◆ YOUR GOAL
A verbatim copy of the listing is needed; pictures are to be left out.

◆ PROVIDED DATA
──────────────────────────────
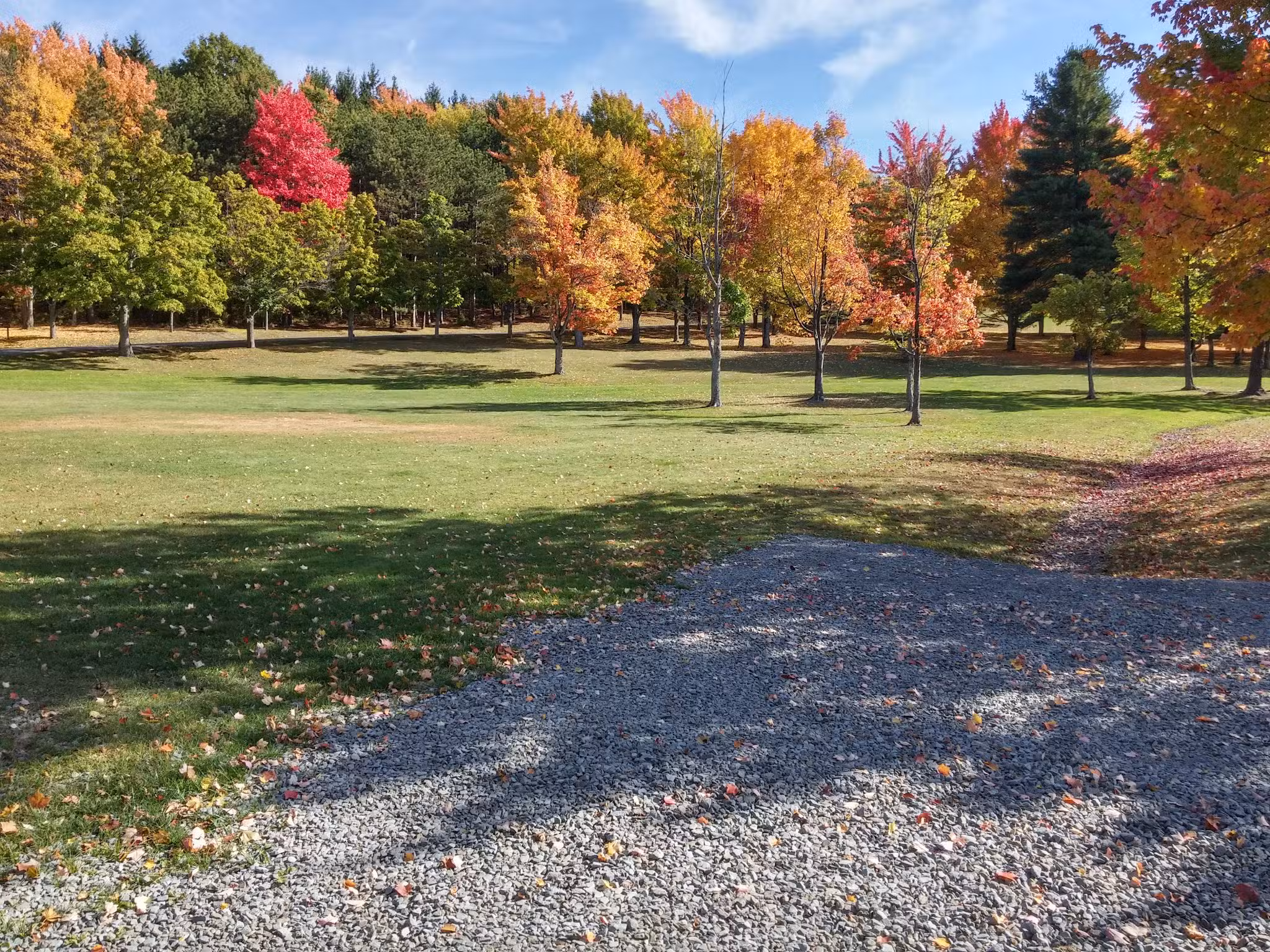 Arnold Park - Vestal, NY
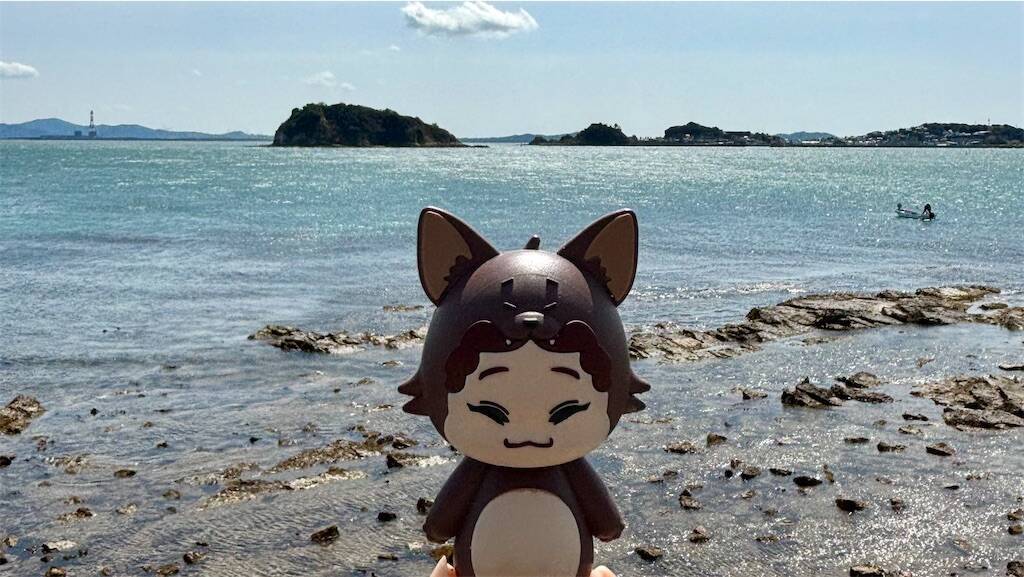 日間賀島の海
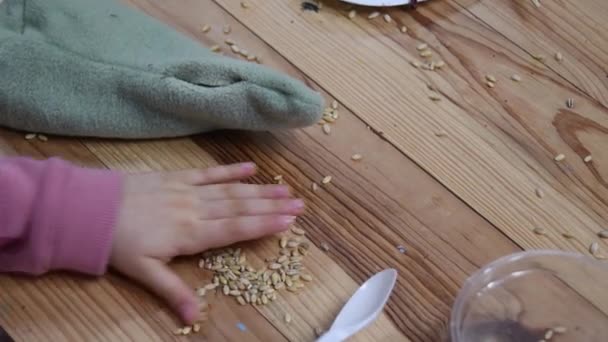 Kid speelt met natuurlijke tarwe granen met behulp van plastic lepel om het te verzamelen — Stockvideo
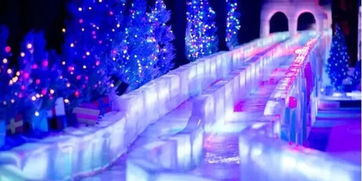冰雕展注意事項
──────────────────────────────
◆ RESULT
 Arnold Park - Vestal, NY
 日間賀島の海
 Kid speelt met natuurlijke tarwe granen met behulp van plastic lepel om het te verzamelen — Stockvideo
冰雕展注意事項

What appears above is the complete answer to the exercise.